Fontaines D.C.: Tiny Desk (Home) Concert
The Tiny Desk is working from home for the foreseeable future. Introducing NPR Music's Tiny Desk (home) concerts, bringing you performances from across the country and the world. It's the same spirit — stripped-down sets, an intimate setting — just a different space.
Filmed in Chicago's beautiful brick Irish American Heritage Center during a recent tour, this four-song set begins with Fontaines D.C. singer Grian Chatten in the stacks at the center's library, playing a button accordion and singing the mordant ballad "The Couple Across the Way" as cellist Maureen Dunne and violist Isaac Henry accompany him. An emotional touchstone on the band's latest album, Skinty Fia, it's a taste of an unfinished Fontaines project: the Irish group originally planned to release a double set with half traditionally-styled tunes and half the searing, atmospheric post-punk that makes this third LP the band's best.
But we won't stay here in the quiet, unsettled heart.

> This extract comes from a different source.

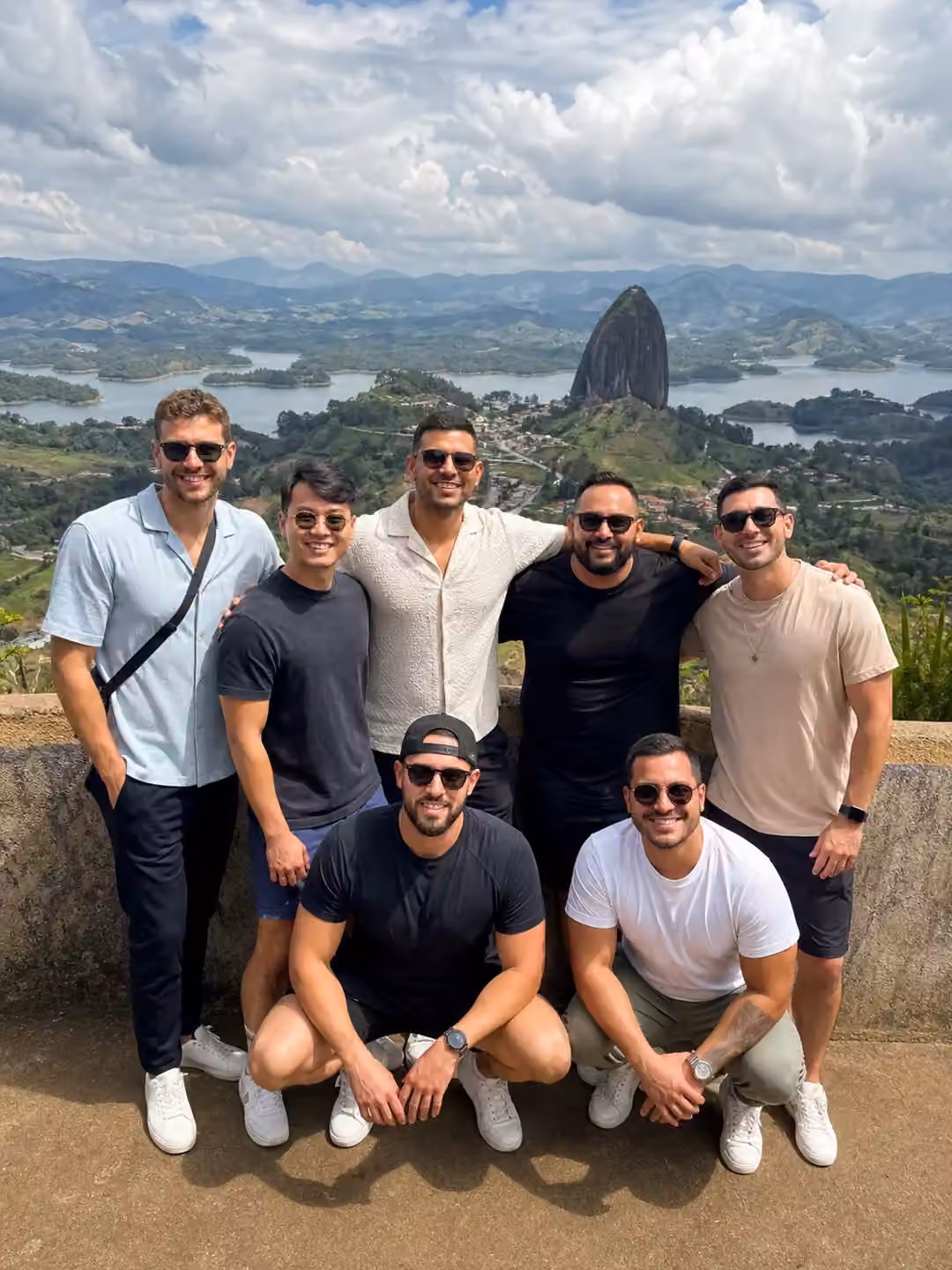 Medellin bachelor activities package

Chatten ambles over to the library's open area, where the band is set up alongside members of the Northwestern University Choir to perform "In ár gCroíthe go deo." The eerie blend of the choir's harmonies and the band's droning, building rhythms moves this music from storytelling to poetry. The song is a keen: an Irish lament for a dead woman whose family wanted the song's title phrase inscribed on her grave but were thwarted when officials in their English hometown demanded a translation. "Gone is the night, gone is the day," Chatten sings through gritted teeth as the choir and his bandmates chant those lost Irish words. Another library corner offers a dynamic shift, as Carlos O'Connell leads the tender, drifting "Big Shot" with delicate keyboard. Then it's back to the noise with "Nabokov" — the perfect tune for tearing up an archive — and a final surprise sends the set into happy chaos.